Le radon libère à son tour des substances radioactives qui peuvent irradier les tissus pulmonaires et engendrer des tumeurs. C’est la 2e cause de cancer du poumon après la fumée.

Les concentrations les plus les plus élevées enregistrées en Suisse se situent dans les Alpes (Tessin, Valais et Grisons) et dans le Jura. Mais des valeurs élevées sont aussi apparues sur le Plateau.

Sur quelque 2700 décès par an dus au cancer des poumons, 200 à 300 cas sont attribuables au radon. On compte près de 20’000 victimes dans l’Union européenne.

(Source: Office fédéral de la santé publique)

Contrairement à d’autres pays qui se limitent à des recommandations, la valeur maximale admise (1000 Bq/m3) en Suisse est ancrée dans la loi. Les habitations qui dépassent ce seuil doivent être assainies.

Pour les nouvelles constructions et les rénovations, la limite est fixée à 400 Bq/m3.

La valeur de référence recommandée par l’Union européennes est de 200Bq/m3.

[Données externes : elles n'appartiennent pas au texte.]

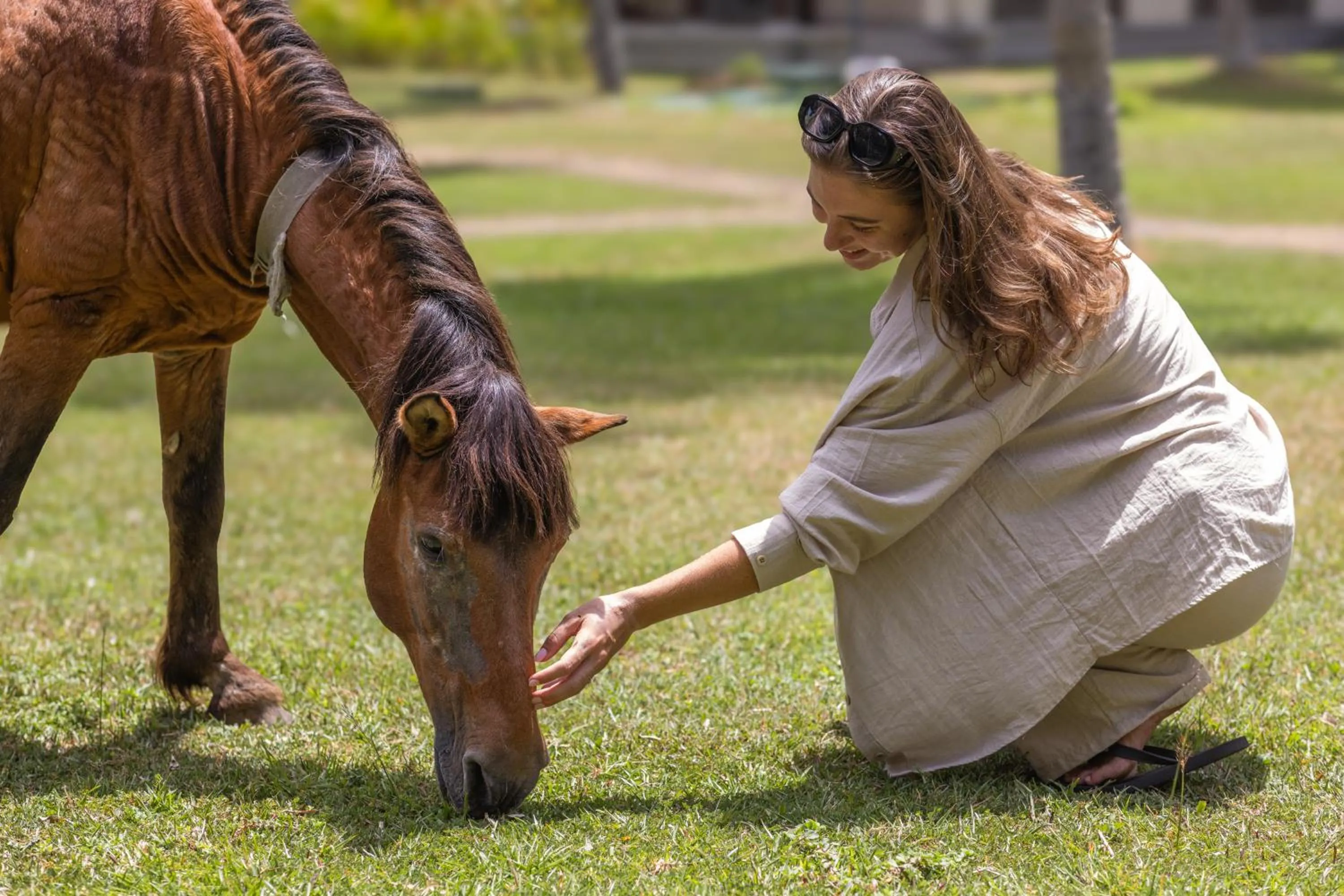 Tamarind Tree Garden Resort - Katunayake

Les limites varient selon les pays: Allemagne (250), Grande Bretagne et Italie (200), Etats-Unis (150), Pays-Bas (20).

Des études menées dans des zones à risques sismiques ont montré que les taux de radon peuvent contribuer à déceler des tremblements de terre.

A l’origine des secousses sismiques, les mouvements provoqués dans les profondeurs de la croûte terrestre seraient en effet précédés d’émissions anormales de gaz.

Quelques jours avant le tremblement de terre d’avril 2009 dans les Abruzzes, à L’Aquila, le chercheur italien Giampaolo Giuliani, avait prédit la catastrophe en s’appuyant sur la présence de fortes quantités de radon.

Ses propos avaient suscité une polémique car la communauté scientifique est divisée sur le sujet. Nombre de chercheurs jugent extrêmement difficile de détecter une variation anormale dans les émissions de radon.